>>

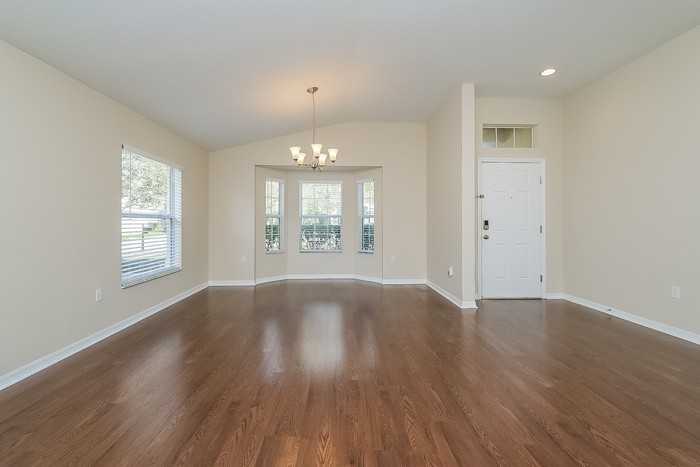 18254 Cypress Bay Pkwy - Photo 7 of 18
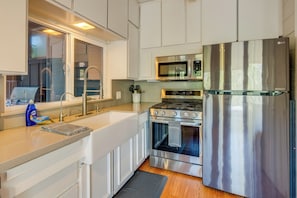 Microwave, oven, stovetop, dishwasher - Updated Three Rivers Vacation Rental w/ Gas Grill (Three Rivers)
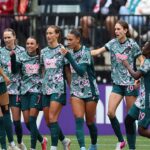 group-of-fans-kicked-out-of-portland-thorns-nwsl-match-over-pro-women-apparel-labeled-‘transphobic’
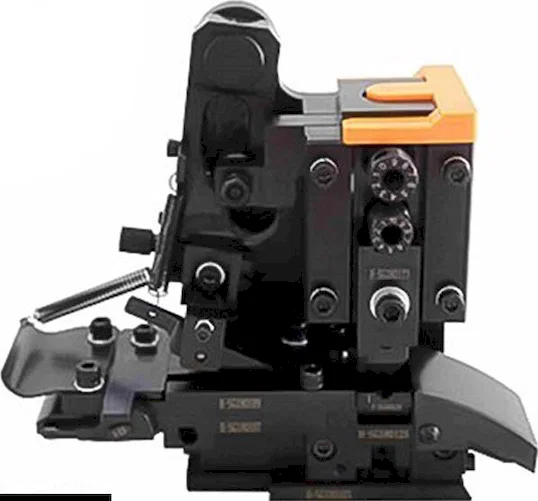 OTP高精度卧式模具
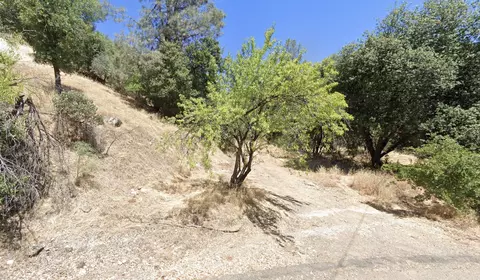 1861 Barbara Rd, Redding, CA 96003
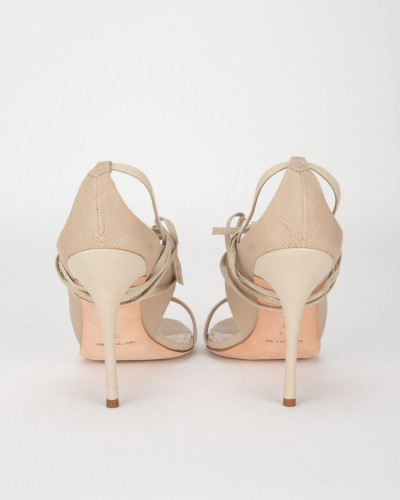Manolo Blahnik  bezowe wiązane sandały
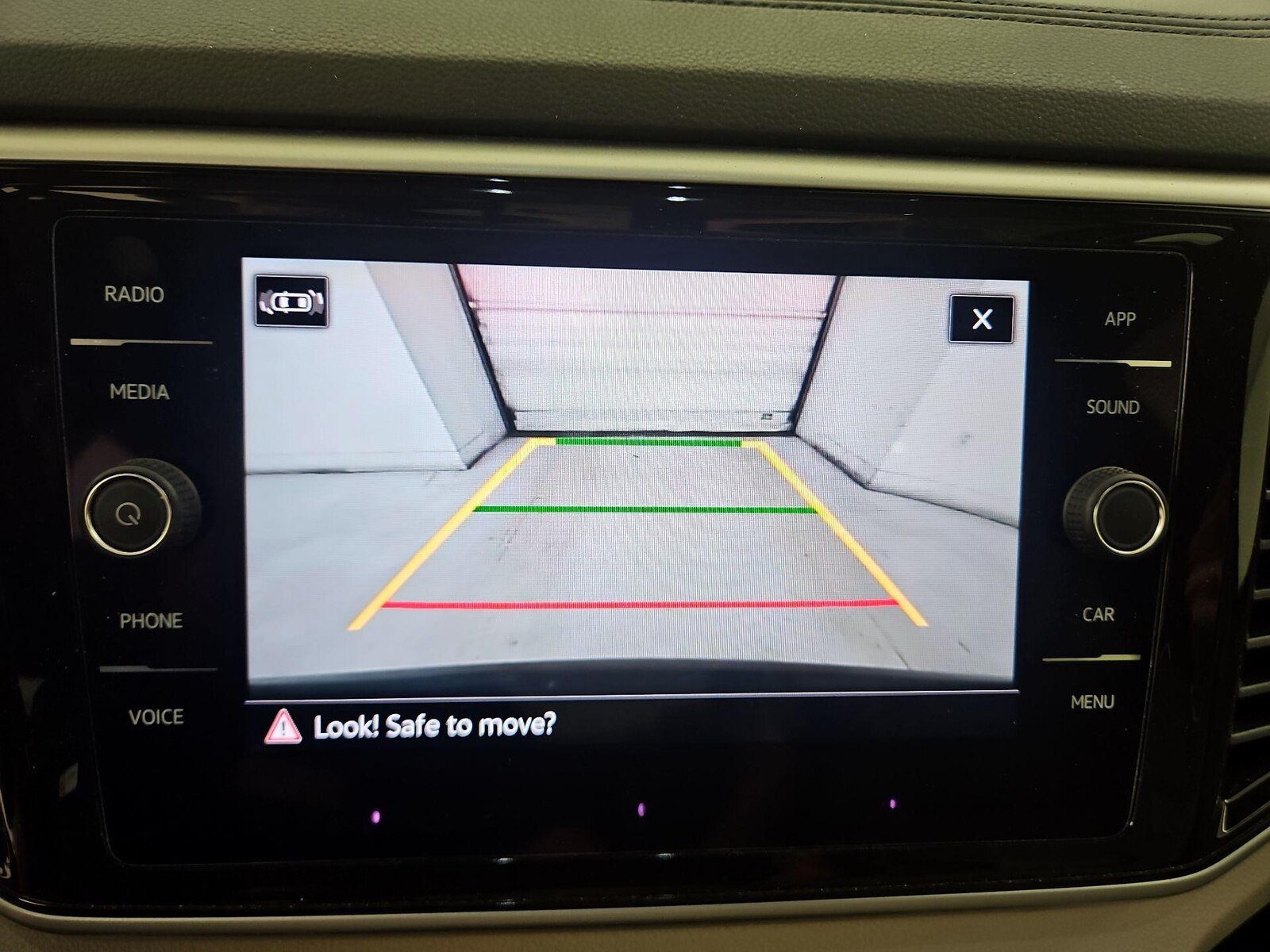 2022 Volkswagen Atlas SE w/Tech - Photo 15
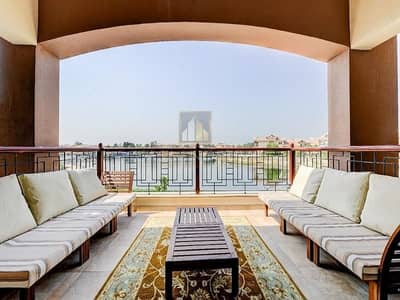 5 Bedroom Villa for Sale in Jumeirah Islands, Dubai - Full Lake View I Large Plot Mansion Villa I Vacant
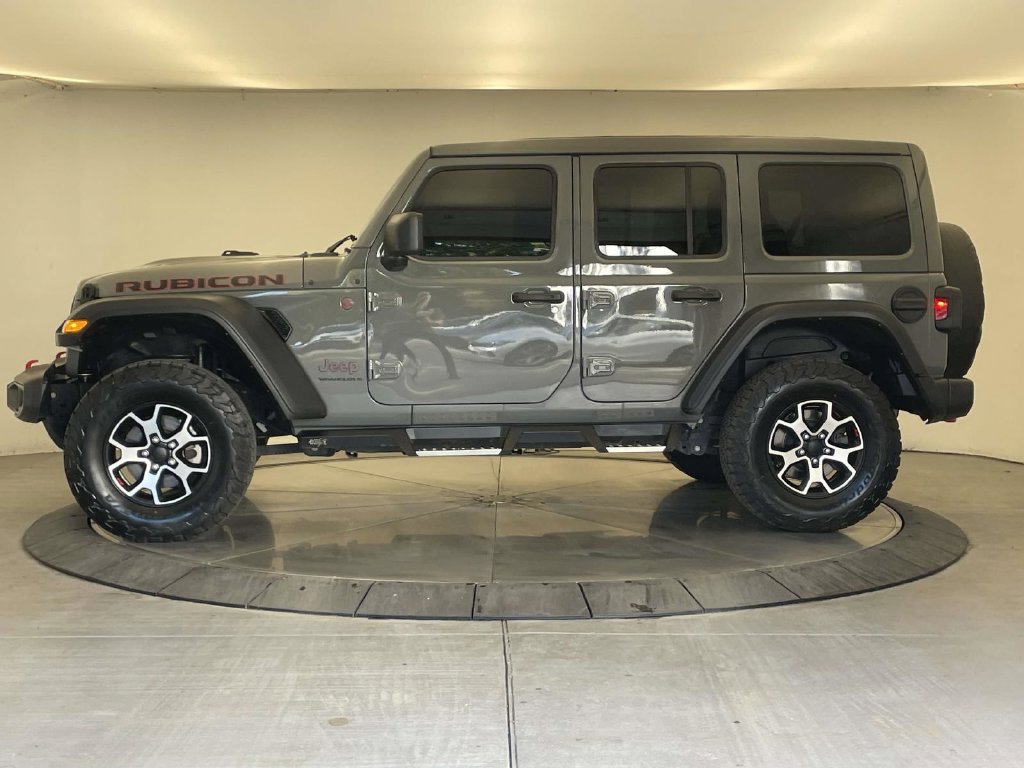 Used 2023 Jeep Wrangler Unlimited Rubicon w/ Cold Weather Group AWD/4WD image 2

<<

> _EXERCISE AIM_:
Where the line containing "bezowe wiązane sandały" appears in the records above, begin copying and continue exactly through the last line, with nothing else; omit every picture.

> _RESULT_:
Manolo Blahnik  bezowe wiązane sandały
 2022 Volkswagen Atlas SE w/Tech - Photo 15
 5 Bedroom Villa for Sale in Jumeirah Islands, Dubai - Full Lake View I Large Plot Mansion Villa I Vacant
 Used 2023 Jeep Wrangler Unlimited Rubicon w/ Cold Weather Group AWD/4WD image 2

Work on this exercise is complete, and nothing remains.